## Task brief
Each line from the one with "BATTERY samsung note" through the last line below must be written out exactly. Do not copy pictures.

## Record excerpts
* * *
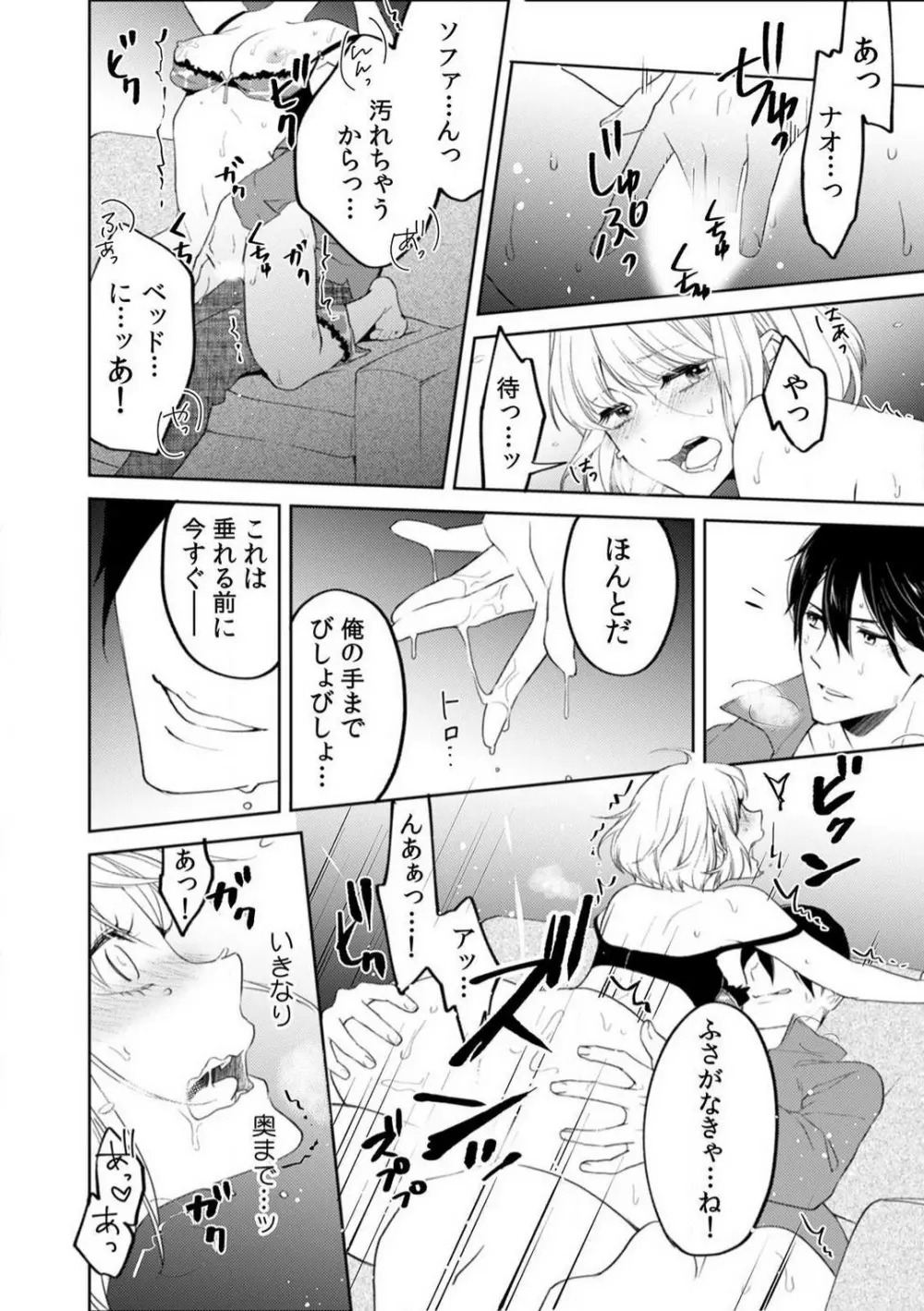 今日からオマエは俺の嫁〜初夜で見た幼馴染のケモノ顔〜 1-9 Page.215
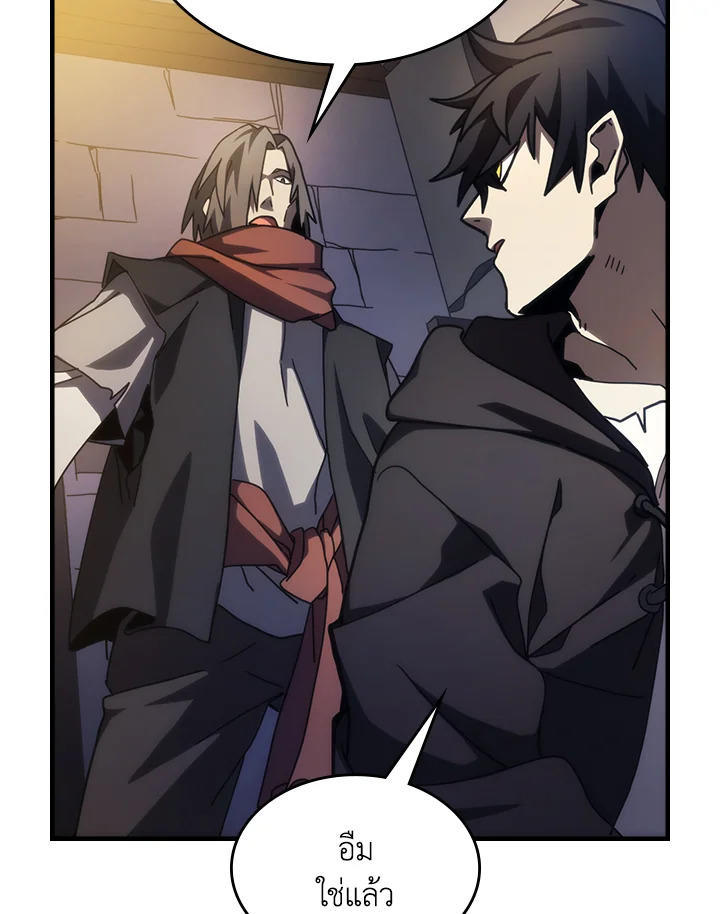 Mr Devourer Please Act Like a Final Boss ตอนที่ 25 69
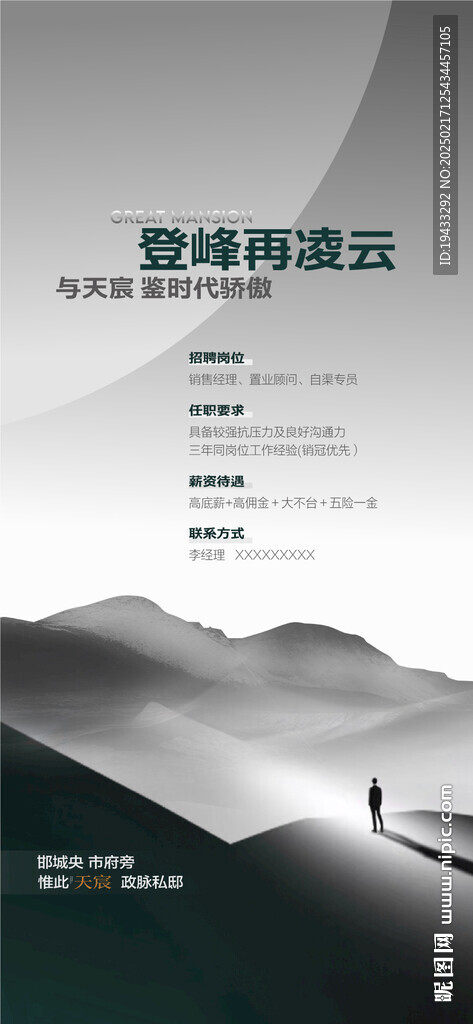  地產銷售精英招聘海報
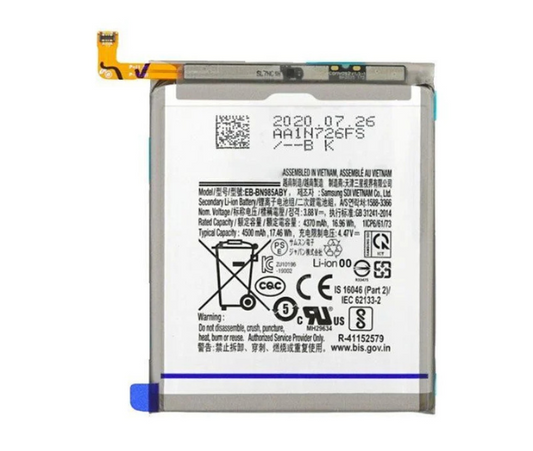 BATTERY samsung note 20 ULTRA / بطارية سامسونج نوت 20 الترا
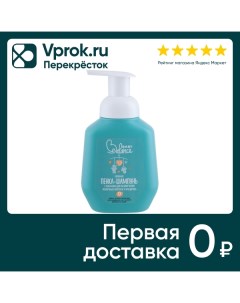 Пенка шампунь Baby Balance Нежная с маслами 250мл Уник косметик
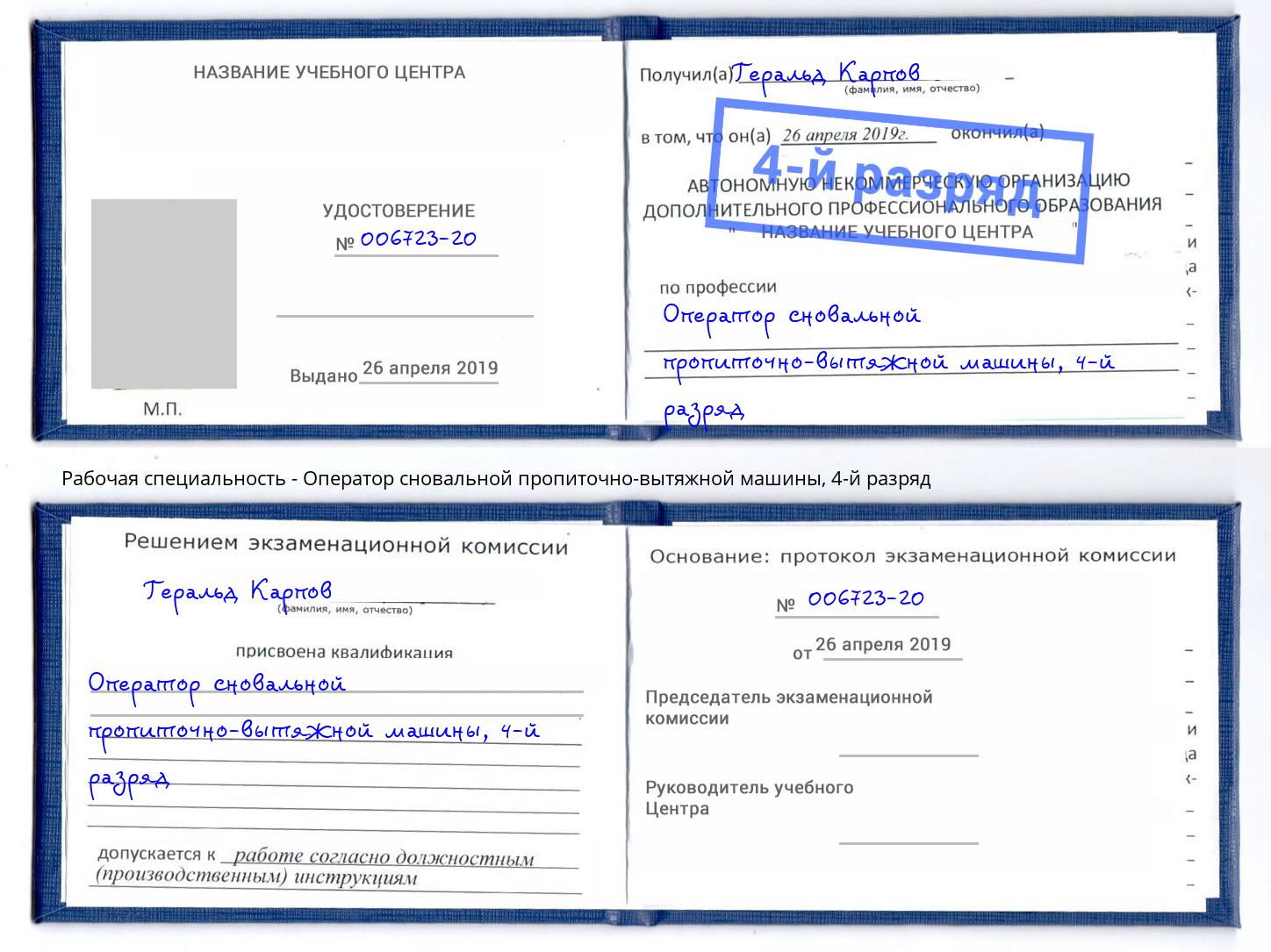 корочка 4-й разряд Оператор сновальной пропиточно-вытяжной машины Рязань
* * *
## Response area
 BATTERY samsung note 20 ULTRA / بطارية سامسونج نوت 20 الترا
 Пенка шампунь Baby Balance Нежная с маслами 250мл Уник косметик
 корочка 4-й разряд Оператор сновальной пропиточно-вытяжной машины Рязань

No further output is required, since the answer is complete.